How much you should stockpile is another question that remains open for debate. A lot depends on what types of disasters you are preparing for. If you are not expecting to deal with anything more than a hurricane, then a couple of months worth of supplies should be enough. But if you are expecting an TEOTWAWKI event, then you’ll want to start with a minimum of a year’s worth of supplies and go up from there.

Of course, building a stockpile of a year’s worth of supplies is a major undertaking. Not only are we talking about a lot of time, effort and storage space, but there’s a huge cost involved as well. Few of us can actually reach into our bank accounts and pull out enough money to buy the food we eat in a year, let alone other supplies.

According to the U.S. Bureau of Labor Statistics, the average American spends $302 (per person) per year on food, just about evenly split between the grocery store and restaurants. Clearly, trying to buy that much food for your stockpile would be a problem, especially if you were buying as you normally do.

So, how can you build a stockpile, without spending all that money? There are actually a lot of things you can do, especially if you plan out your purchases and buy wisely. Let’s look at some possibilities.

Start with a Plan

Before buying anything, plan out what you want to buy. You want to be able to buy deliberately, rather than buying things on whim, just because you see them. That means knowing things like what you are going to eat and what you are going to use.

One of the best ways to plan your food budget for an emergency is to start out with a two or three week menu. Figure out exactly what your family is going to eat for every meal, including snacks. Remember, this is a survival menu, so you need to plan based on foods that you can stockpile, which will keep well over a long period of time. That means it will probably be include a lot of foods that you don’t normally eat.
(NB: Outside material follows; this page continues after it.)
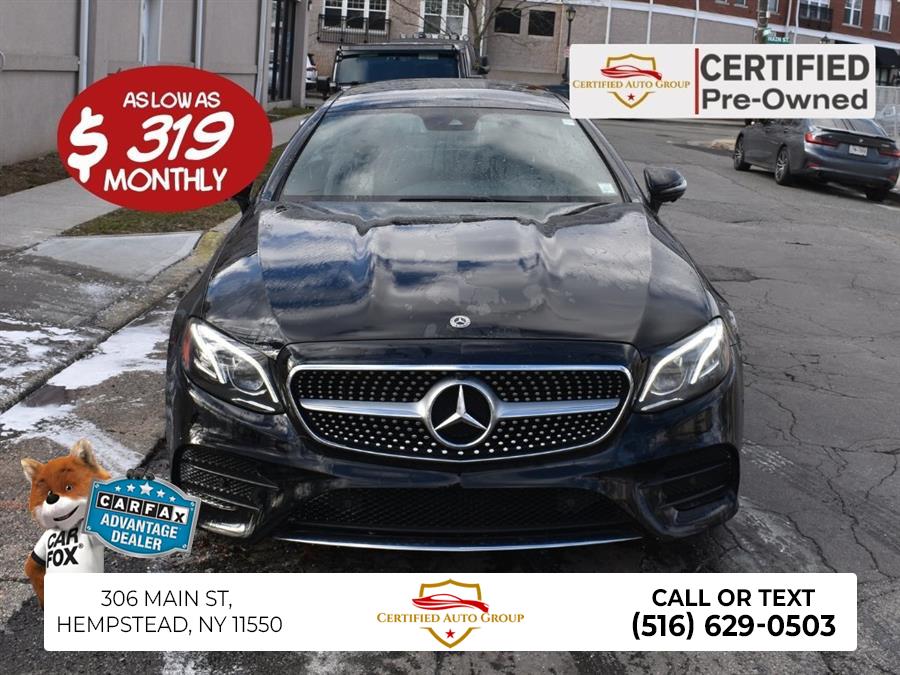 Used 2019 Mercedes-benz E-class in Hempstead, New York | Certified Auto Group. Hempstead, New York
Another thing to figure into your survival menu is the number of calories per day your family members are going to eat. Typically, we Americans eat more than we need to, which explains why so much of our population is overweight. Base your menu on 2,000 calories per person per day, not what you are used to eating.

Finally, create a shopping list, based upon the menu you have created. Calculate the exact quantities of each item that you’ll need, based upon how long you are planning on your stockpile feeding your family. That will tell you what you need to buy.

Make the Right Selections

We are used to eating a lot of foods that are not necessarily the best possible choices. The typical family eats a lot of junk food, a lot of fats and a lot of sugars, as well as eating more meat than we need. Your menu will help you to avoid that, sticking to things which will give your family the nutrition that it needs, without a lot of waste.

You can save a lot of money by the choices you make; not just what foods you decide to buy, but the brands you decide to buy and where you buy them from. Some foods, especially survival foods, are cheaper when you buy them online, than when you buy them locally.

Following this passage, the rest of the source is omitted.